While sampling from a posterior with Markov chains, BAT will store the maximum value of the posterior that it has seen (and the corresponing point in parameter space). But the sampling algorithm is designed to sample, not to find a maximum value. To find the maximum point, BAT includes optimization methods. These are called via BCIntegrate::FindMode, which takes optional arguments: You may give it a starting point; if you do not specify one, BAT will start from the current maximum point. You can also specify the optimization method when you call the function; or you can specify it in advance via BCIntegrate::SetOptimzationMethod.

By default, BAT replaces its currently held maximum point only if the newly found one has a greater posterior. You can tell BAT to replace the currently held one regardless of whether optimization improves upon the currently stored one via the function BCIntegrate::SetFlagIgnorePrevOptimization.

Minuit

BAT uses Minuit through ROOT's interface to it. To use it, set the optimization method to BCIntegrate::kOptMinuit.

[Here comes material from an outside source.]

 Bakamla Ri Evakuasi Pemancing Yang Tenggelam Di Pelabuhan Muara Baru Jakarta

Minuit is what is known as a gradient follower—it moves from a starting point in the direction that increases the posterior until it finds a maximum. Minuit is much better at finding the exact location of a maximum than sampling with Markov chains is, but it does not gaurantee that this maximum is the global maximum or only a local one. Sampling with Markov chains can better identify the region of the global maximum than Minuit can. So we recommend that you first marginalize your model and then call FindMode.

Simulated Annealing

BAT provides a simulated annealing algorithm for optimization. To use it, set the optimization method to BCIntegrate::kOptSimAnn.

This algorithm is similar to the Metropolis-Hastings sampling one in that involves proposal of new points to move to randomly in a neighborhood of the current point. But the neighborhood and the acceptance criteria are regulated in such a way as to encourage motion towards the global maximum.

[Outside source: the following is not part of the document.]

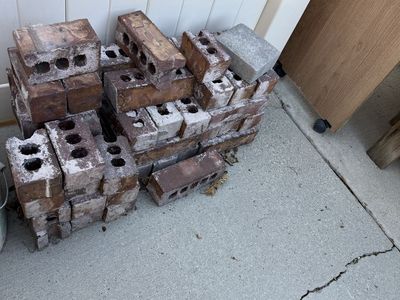 Bricks - Free, YOU LOAD 100+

Using BAT, simulated annealing will in general not find the maximum point as precisely or rapidly as Minuit, but it can more reliably find the global maximum instead of a local maximum. We therefore recommend calling FindMode with BCIntegrate::kOptMinuit after calling it with kOptSimAnn. This is similar to first sampling and then optimizing with Minuit; but simulated annealing is less calculationally expensive than sampling—that is, it will call your likelihood less often. However, simulated annealing is not a sampling technique and will not provide output samples for further offline use.

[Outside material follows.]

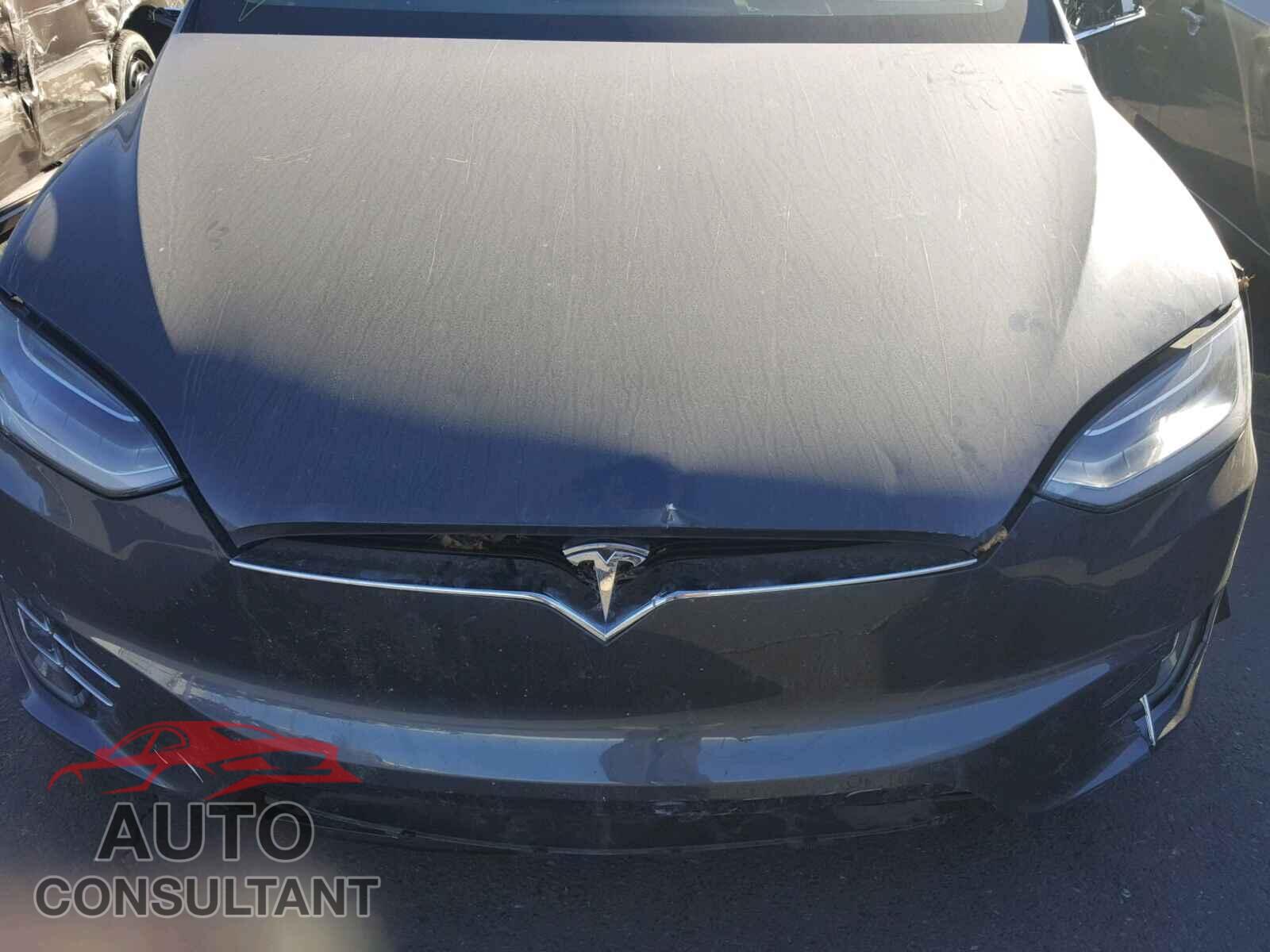 TESLA MODEL X 2017 - 5YJXCDE21HF079487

There are several parameters that govern the running of simulated annealing. Please consult the code documentation and C. Brachem's Implementation and test of a simulated annealing algorithm in the Bayesian Analysis Tookit (2009) for how to set them. The most important option you may change is the proposal function. This is set via BCIntegrate::SetSASchedule. The options are BCIntegrate::kSACauchy, BCIntegrate::kSABoltzmann, and BCIntegrate::kSACustom. (The latter requires you to set your own proposal function.)